§ How to complete this task:
Return the lines of the data below starting at the one holding "Imagem da notícia: Tata" and ending at the one holding "OSTRICHES backpack & wallet", word for word, leaving every picture out.

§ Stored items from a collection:

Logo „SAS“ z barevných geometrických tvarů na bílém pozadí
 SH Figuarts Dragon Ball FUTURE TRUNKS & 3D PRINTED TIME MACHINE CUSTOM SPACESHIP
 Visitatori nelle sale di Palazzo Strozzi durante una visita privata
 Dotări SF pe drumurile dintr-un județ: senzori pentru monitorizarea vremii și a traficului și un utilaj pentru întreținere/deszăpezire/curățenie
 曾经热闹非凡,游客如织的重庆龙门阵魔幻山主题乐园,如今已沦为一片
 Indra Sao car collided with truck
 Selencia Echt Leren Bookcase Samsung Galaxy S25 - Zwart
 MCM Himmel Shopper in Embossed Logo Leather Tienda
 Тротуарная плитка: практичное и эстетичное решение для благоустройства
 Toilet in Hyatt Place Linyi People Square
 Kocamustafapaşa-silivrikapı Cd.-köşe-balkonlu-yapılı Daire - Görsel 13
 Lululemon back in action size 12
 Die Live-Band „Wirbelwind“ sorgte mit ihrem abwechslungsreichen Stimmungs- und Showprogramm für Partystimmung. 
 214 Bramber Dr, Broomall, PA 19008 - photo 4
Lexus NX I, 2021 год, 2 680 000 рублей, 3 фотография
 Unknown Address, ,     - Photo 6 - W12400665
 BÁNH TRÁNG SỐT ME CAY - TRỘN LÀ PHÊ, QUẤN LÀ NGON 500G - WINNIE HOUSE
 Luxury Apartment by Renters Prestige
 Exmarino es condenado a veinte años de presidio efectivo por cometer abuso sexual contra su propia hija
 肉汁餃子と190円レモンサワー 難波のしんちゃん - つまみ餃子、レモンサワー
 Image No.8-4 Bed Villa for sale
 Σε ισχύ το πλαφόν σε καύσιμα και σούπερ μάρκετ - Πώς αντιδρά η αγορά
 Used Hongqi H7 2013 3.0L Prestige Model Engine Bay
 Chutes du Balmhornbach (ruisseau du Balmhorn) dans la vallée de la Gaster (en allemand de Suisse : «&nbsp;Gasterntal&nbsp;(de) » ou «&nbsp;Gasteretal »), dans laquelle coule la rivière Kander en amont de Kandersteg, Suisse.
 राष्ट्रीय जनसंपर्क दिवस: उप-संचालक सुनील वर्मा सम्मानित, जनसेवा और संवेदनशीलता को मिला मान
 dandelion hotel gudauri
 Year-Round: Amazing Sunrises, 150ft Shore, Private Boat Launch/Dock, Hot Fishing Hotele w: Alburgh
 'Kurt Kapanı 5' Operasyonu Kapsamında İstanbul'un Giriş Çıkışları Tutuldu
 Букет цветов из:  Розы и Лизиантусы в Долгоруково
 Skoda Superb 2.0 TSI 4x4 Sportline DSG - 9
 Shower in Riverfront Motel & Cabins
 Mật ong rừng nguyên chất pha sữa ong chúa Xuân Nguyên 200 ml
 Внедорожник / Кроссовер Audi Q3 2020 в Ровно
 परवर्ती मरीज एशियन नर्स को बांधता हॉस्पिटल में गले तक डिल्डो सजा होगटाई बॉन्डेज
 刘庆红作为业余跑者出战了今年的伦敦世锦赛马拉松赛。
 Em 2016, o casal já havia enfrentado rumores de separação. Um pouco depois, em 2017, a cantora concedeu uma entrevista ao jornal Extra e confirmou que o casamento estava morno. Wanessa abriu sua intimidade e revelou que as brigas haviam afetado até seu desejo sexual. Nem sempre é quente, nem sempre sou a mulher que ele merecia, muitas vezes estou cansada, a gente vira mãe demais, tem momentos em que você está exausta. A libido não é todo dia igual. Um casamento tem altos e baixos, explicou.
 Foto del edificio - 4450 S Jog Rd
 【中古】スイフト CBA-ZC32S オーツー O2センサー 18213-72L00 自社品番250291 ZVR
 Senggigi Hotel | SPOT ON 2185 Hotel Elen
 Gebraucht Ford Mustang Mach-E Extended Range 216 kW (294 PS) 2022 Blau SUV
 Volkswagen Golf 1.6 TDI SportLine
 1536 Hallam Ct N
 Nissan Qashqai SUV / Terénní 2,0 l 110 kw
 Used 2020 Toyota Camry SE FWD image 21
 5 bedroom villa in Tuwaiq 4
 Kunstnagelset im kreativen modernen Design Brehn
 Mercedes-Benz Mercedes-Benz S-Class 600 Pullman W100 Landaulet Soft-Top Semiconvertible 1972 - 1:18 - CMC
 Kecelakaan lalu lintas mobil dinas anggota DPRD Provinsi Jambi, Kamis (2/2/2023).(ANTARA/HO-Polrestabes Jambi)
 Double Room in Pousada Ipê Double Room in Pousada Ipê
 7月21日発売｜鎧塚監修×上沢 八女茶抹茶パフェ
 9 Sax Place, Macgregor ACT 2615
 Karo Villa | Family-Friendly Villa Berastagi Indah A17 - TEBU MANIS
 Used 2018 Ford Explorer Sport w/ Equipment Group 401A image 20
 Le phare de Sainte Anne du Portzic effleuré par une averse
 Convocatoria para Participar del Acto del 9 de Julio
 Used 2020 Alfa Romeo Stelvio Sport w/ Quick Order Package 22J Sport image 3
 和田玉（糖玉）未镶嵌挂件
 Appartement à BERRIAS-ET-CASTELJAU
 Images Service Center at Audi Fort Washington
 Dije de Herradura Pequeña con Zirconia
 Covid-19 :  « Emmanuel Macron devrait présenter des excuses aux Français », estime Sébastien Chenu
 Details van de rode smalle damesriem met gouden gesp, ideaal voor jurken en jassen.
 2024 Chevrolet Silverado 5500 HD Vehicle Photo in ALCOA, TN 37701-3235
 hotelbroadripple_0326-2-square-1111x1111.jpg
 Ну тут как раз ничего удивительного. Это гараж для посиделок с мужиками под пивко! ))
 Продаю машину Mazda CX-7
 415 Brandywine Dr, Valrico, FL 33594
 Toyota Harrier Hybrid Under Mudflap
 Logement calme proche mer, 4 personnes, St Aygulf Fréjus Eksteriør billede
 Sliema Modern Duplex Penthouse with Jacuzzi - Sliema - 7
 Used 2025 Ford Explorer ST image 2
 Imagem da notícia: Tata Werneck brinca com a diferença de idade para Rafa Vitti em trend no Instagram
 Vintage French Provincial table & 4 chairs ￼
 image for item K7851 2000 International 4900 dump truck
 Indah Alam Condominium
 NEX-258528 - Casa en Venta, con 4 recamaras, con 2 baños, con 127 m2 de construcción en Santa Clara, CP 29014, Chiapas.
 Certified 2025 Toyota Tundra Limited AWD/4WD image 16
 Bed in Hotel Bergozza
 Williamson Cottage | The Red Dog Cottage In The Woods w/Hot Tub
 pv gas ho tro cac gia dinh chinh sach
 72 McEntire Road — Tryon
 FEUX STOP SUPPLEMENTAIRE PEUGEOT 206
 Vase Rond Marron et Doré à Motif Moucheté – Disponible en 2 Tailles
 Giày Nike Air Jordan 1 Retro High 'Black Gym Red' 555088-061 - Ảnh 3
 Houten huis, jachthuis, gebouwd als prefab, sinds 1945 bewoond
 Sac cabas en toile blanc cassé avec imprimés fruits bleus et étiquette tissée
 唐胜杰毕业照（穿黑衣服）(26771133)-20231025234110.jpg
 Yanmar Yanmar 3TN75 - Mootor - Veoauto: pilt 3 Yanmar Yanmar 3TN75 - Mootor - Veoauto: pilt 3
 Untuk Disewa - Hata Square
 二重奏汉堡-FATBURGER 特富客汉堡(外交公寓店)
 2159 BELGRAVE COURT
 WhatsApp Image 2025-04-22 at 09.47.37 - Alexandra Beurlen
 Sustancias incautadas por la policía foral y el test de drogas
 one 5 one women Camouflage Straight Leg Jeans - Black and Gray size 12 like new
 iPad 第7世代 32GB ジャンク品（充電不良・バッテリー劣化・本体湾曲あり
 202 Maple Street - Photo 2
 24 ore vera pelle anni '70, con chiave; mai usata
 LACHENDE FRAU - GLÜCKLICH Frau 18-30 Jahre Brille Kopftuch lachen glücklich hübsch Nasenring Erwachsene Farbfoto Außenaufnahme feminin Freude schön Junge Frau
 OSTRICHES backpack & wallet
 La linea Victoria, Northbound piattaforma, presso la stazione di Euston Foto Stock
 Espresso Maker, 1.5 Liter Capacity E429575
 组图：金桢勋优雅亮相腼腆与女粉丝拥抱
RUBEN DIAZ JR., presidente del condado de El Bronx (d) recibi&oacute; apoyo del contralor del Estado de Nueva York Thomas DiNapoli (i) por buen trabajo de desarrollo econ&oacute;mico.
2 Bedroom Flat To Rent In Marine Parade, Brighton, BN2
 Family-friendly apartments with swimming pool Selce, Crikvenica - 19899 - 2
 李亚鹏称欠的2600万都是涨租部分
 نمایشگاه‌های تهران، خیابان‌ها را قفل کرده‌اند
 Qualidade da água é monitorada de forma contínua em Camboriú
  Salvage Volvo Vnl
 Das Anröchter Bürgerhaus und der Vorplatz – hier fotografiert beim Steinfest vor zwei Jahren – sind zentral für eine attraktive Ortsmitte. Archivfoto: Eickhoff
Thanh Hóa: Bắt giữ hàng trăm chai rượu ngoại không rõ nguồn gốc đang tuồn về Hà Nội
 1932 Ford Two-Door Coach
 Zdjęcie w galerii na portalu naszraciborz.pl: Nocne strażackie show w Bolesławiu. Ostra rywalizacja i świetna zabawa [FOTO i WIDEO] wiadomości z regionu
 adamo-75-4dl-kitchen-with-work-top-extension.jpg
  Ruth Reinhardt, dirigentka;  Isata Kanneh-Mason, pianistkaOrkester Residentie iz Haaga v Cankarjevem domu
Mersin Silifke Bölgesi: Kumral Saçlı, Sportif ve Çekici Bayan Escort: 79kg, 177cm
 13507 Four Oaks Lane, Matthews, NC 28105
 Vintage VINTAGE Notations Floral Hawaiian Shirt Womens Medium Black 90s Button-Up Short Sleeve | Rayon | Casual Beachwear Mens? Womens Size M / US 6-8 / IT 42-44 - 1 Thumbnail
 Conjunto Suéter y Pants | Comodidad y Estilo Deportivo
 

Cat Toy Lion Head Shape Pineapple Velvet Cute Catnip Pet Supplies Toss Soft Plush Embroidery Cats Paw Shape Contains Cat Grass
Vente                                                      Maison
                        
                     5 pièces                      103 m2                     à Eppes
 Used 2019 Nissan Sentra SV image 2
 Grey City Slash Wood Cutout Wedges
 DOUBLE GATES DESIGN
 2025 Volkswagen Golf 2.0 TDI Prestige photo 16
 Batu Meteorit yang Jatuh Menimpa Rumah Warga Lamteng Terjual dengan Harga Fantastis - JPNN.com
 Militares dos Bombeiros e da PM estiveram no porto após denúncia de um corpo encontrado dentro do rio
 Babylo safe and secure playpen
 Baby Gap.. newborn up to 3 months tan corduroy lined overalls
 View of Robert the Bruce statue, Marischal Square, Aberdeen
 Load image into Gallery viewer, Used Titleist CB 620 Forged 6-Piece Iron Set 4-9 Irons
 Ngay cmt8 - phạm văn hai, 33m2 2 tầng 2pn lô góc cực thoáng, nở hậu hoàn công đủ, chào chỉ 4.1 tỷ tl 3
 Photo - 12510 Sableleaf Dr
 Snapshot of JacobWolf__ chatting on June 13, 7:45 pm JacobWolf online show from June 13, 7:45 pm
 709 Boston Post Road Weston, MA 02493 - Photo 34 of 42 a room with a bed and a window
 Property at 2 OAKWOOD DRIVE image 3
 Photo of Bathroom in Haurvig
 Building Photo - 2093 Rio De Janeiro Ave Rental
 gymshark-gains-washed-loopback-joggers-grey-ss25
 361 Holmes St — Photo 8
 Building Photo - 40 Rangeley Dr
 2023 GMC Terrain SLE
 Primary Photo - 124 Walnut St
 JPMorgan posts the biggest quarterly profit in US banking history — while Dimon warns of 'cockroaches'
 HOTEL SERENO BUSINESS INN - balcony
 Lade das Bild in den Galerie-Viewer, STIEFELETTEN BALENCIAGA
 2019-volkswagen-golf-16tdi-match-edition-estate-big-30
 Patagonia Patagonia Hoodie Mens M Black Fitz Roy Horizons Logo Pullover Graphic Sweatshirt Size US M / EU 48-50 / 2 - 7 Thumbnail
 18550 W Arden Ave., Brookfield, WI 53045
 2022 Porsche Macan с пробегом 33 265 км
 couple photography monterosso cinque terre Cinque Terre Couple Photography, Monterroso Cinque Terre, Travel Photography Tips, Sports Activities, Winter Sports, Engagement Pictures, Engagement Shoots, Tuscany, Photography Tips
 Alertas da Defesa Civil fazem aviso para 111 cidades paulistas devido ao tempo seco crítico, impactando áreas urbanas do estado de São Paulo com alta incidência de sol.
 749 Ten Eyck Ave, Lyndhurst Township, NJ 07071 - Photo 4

§ Output below:
 Imagem da notícia: Tata Werneck brinca com a diferença de idade para Rafa Vitti em trend no Instagram
 Vintage French Provincial table & 4 chairs 
 image for item K7851 2000 International 4900 dump truck
 Indah Alam Condominium
 NEX-258528 - Casa en Venta, con 4 recamaras, con 2 baños, con 127 m2 de construcción en Santa Clara, CP 29014, Chiapas.
 Certified 2025 Toyota Tundra Limited AWD/4WD image 16
 Bed in Hotel Bergozza
 Williamson Cottage | The Red Dog Cottage In The Woods w/Hot Tub
 pv gas ho tro cac gia dinh chinh sach
 72 McEntire Road — Tryon
 FEUX STOP SUPPLEMENTAIRE PEUGEOT 206
 Vase Rond Marron et Doré à Motif Moucheté – Disponible en 2 Tailles
 Giày Nike Air Jordan 1 Retro High 'Black Gym Red' 555088-061 - Ảnh 3
 Houten huis, jachthuis, gebouwd als prefab, sinds 1945 bewoond
 Sac cabas en toile blanc cassé avec imprimés fruits bleus et étiquette tissée
 唐胜杰毕业照（穿黑衣服）(26771133)-20231025234110.jpg
 Yanmar Yanmar 3TN75 - Mootor - Veoauto: pilt 3 Yanmar Yanmar 3TN75 - Mootor - Veoauto: pilt 3
 Untuk Disewa - Hata Square
 二重奏汉堡-FATBURGER 特富客汉堡(外交公寓店)
 2159 BELGRAVE COURT
 WhatsApp Image 2025-04-22 at 09.47.37 - Alexandra Beurlen
 Sustancias incautadas por la policía foral y el test de drogas
 one 5 one women Camouflage Straight Leg Jeans - Black and Gray size 12 like new
 iPad 第7世代 32GB ジャンク品（充電不良・バッテリー劣化・本体湾曲あり
 202 Maple Street - Photo 2
 24 ore vera pelle anni '70, con chiave; mai usata
 LACHENDE FRAU - GLÜCKLICH Frau 18-30 Jahre Brille Kopftuch lachen glücklich hübsch Nasenring Erwachsene Farbfoto Außenaufnahme feminin Freude schön Junge Frau
 OSTRICHES backpack & wallet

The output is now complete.